# RAG-on-GKE Application

This is a Python notebook for generating the vector embeddings used by the RAG on GKE application. For full information, please checkout the GitHub documentation [here](https://github.com/GoogleCloudPlatform/ai-on-gke/blob/main/applications/rag/README.md).


In [None]:
# Replace these with your settings
# Navigate to https://www.kaggle.com/settings/account and generate an API token to be used to setup the env variable. See https://www.kaggle.com/docs/api#authentication how to create one.
KAGGLE_USERNAME = "<username>"
KAGGLE_KEY = "<token>"

In [None]:
!pip install ray[default]==2.9.3 kaggle==1.6.6 langchain-google-cloud-sql-pg

In [None]:
import os
os.environ['KAGGLE_USERNAME'] = KAGGLE_USERNAME
os.environ['KAGGLE_KEY'] = KAGGLE_KEY

# Download the zip file to local storage and then extract the desired contents directly to the GKE GCS CSI mounted bucket. The bucket is mounted at the "/persist-data" path in the jupyter pod.
!kaggle datasets download -d shivamb/netflix-shows -p ~/data --force
!mkdir /data/netflix-shows -p
!unzip -o ~/data/netflix-shows.zip -d /data/netflix-shows

In [None]:
# Create a directory to package the contents that need to be downloaded in ray worker
! mkdir -p rag-app

In [None]:
%%writefile rag-app/job.py
# Comment out the above line if you want to see notebook print out, but the line is required for the actual ray job (the job.py is downloaded by the ray workers)

import os
import uuid

import ray
from langchain.text_splitter import RecursiveCharacterTextSplitter
from langchain_community.embeddings.huggingface import HuggingFaceEmbeddings

from langchain_google_cloud_sql_pg import PostgresEngine, PostgresVectorStore
from google.cloud.sql.connector import IPTypes

# initialize parameters
INSTANCE_CONNECTION_NAME = os.environ.get("CLOUDSQL_INSTANCE_CONNECTION_NAME")
print(f"Your instance connection name is: {INSTANCE_CONNECTION_NAME}")
cloud_variables = INSTANCE_CONNECTION_NAME.split(":")
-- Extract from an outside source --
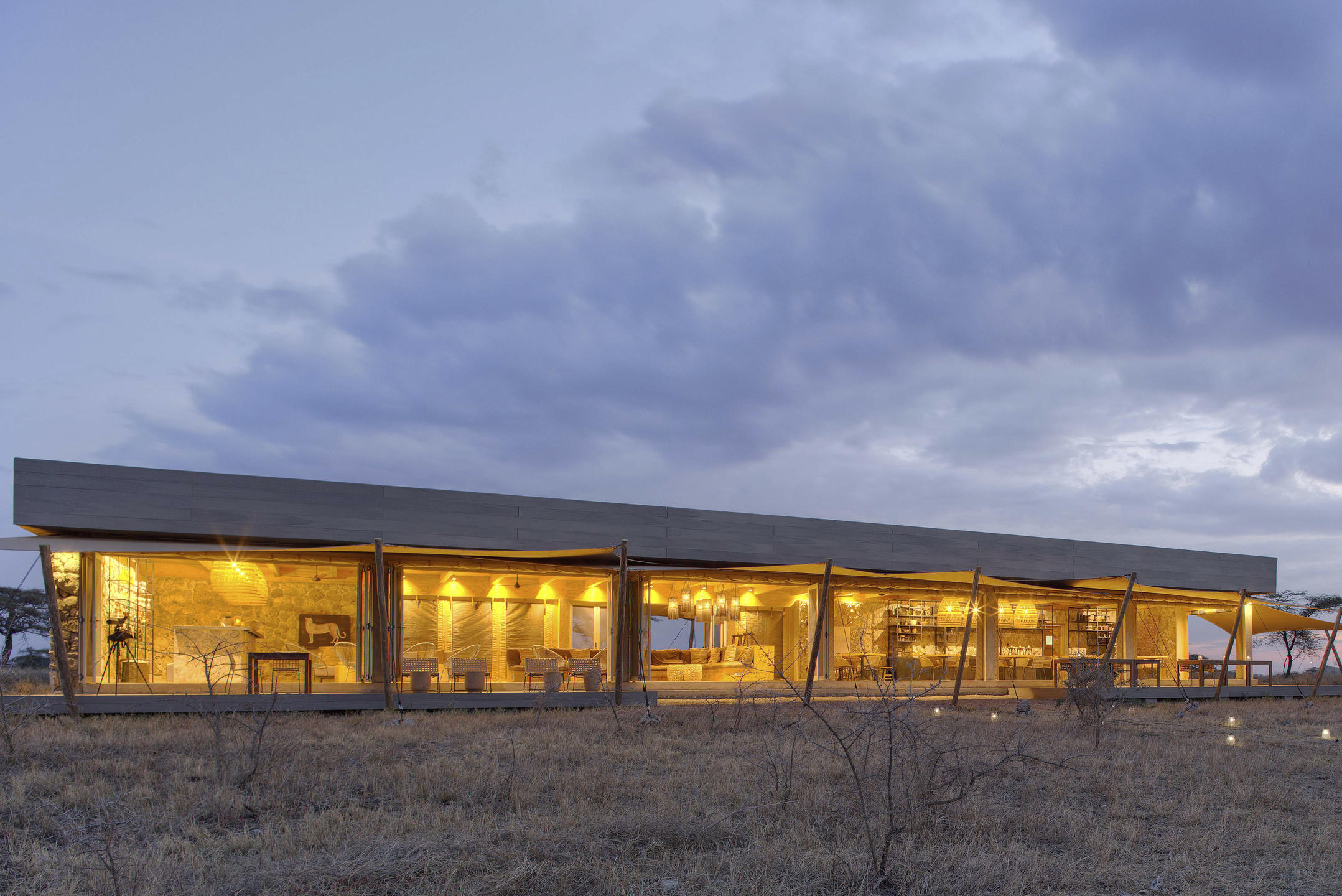 Namiri Plains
GCP_PROJECT_ID = os.environ.get("GCP_PROJECT_ID", cloud_variables[0])
GCP_CLOUD_SQL_REGION = os.environ.get("CLOUDSQL_INSTANCE_REGION", cloud_variables[1])
GCP_CLOUD_SQL_INSTANCE = os.environ.get("CLOUDSQL_INSTANCE", cloud_variables[2])

DB_NAME = os.environ.get("INSTANCE_CONNECTION_NAME", "pgvector-database")
VECTOR_EMBEDDINGS_TABLE_NAME = os.environ.get("EMBEDDINGS_TABLE_NAME", "netflix_reviews_db")
CHAT_HISTORY_TABLE_NAME = os.environ.get("CHAT_HISTORY_TABLE_NAME", "message_store")
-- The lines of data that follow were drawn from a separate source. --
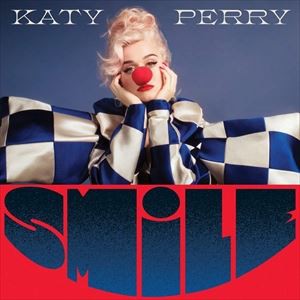 輸入盤 KATY PERRY / SMILE [CD]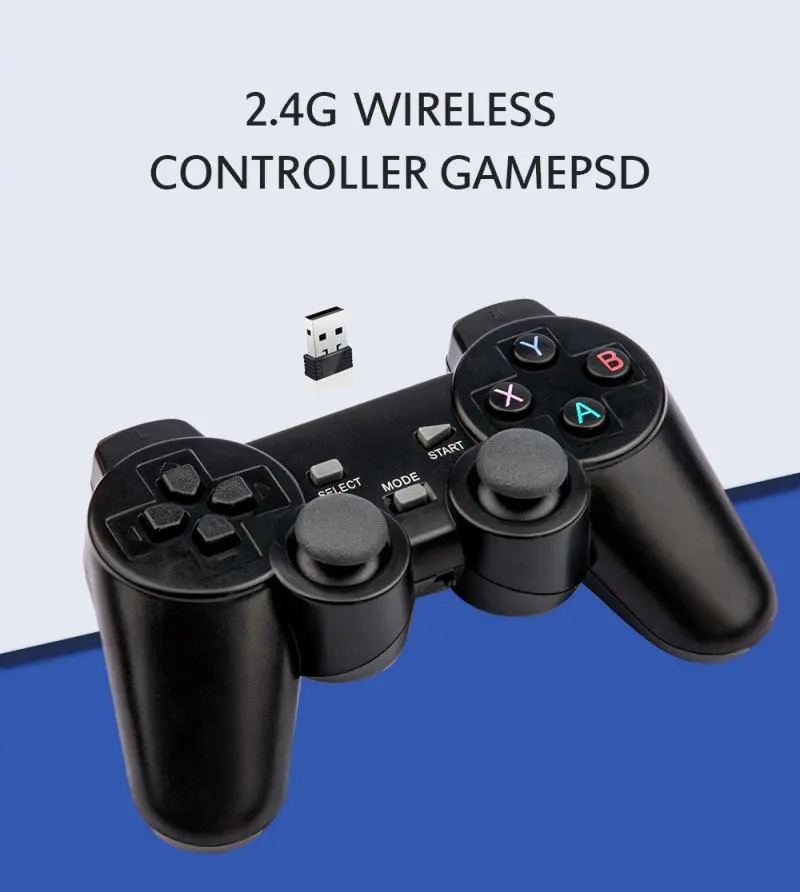 Retro WiFi Super Console X Pro 4K HD TV Video Game Consoles For PSP/PS1/N64/DC With 50000+ Games With 2.4G Wireless Controllers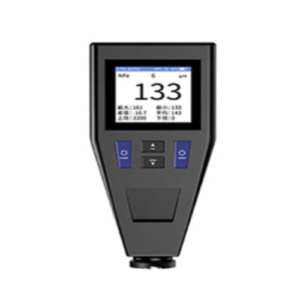 Professional Anticorrosive Coating Thickness Gauge - Emissions and Stack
VECTOR_DIMENSION = os.environ.get("VECTOR_DIMENSION", 384)

try:
    db_username_file = open("/etc/secret-volume/username", "r")
    DB_USER = db_username_file.read()
    db_username_file.close()

    db_password_file = open("/etc/secret-volume/password", "r")
    DB_PASS = db_password_file.read()
    db_password_file.close()
except:
    DB_USER = os.environ.get("DB_USERNAME", "postgres")
    DB_PASS = os.environ.get("DB_PASS", "postgres")

engine = PostgresEngine.from_instance(
        project_id=GCP_PROJECT_ID,
        region=GCP_CLOUD_SQL_REGION,
        instance=GCP_CLOUD_SQL_INSTANCE,
        database=DB_NAME,
        user=DB_USER,
        password=DB_PASS,
        ip_type=IPTypes.PRIVATE,
)

try:
    engine.init_vectorstore_table(
        VECTOR_EMBEDDINGS_TABLE_NAME,
        vector_size=VECTOR_DIMENSION,
        overwrite_existing=True,
    )
except Exception as err:
    print(f"Error: {err}")


SENTENCE_TRANSFORMER_MODEL = 'intfloat/multilingual-e5-small' # Transformer to use for converting text chunks to vector embeddings
# the dataset has been pre-dowloaded to the GCS bucket as part of the notebook in the cell above. Ray workers will find the dataset readily mounted.
SHARED_DATASET_BASE_PATH="/data/netflix-shows/"
REVIEWS_FILE_NAME="netflix_titles.csv"

BATCH_SIZE = 100
CHUNK_SIZE = 1000 # text chunk sizes which will be converted to vector embeddings
CHUNK_OVERLAP = 10
TABLE_NAME = 'netflix_reviews_db'  # CloudSQL table name
DIMENSION = 384  # Embeddings size
ACTOR_POOL_SIZE = 1 # number of actors for the distributed map_batches function

class Splitter:
  def __init__(self):
        self.splitter = RecursiveCharacterTextSplitter(chunk_size=CHUNK_SIZE, chunk_overlap=CHUNK_OVERLAP, length_function=len)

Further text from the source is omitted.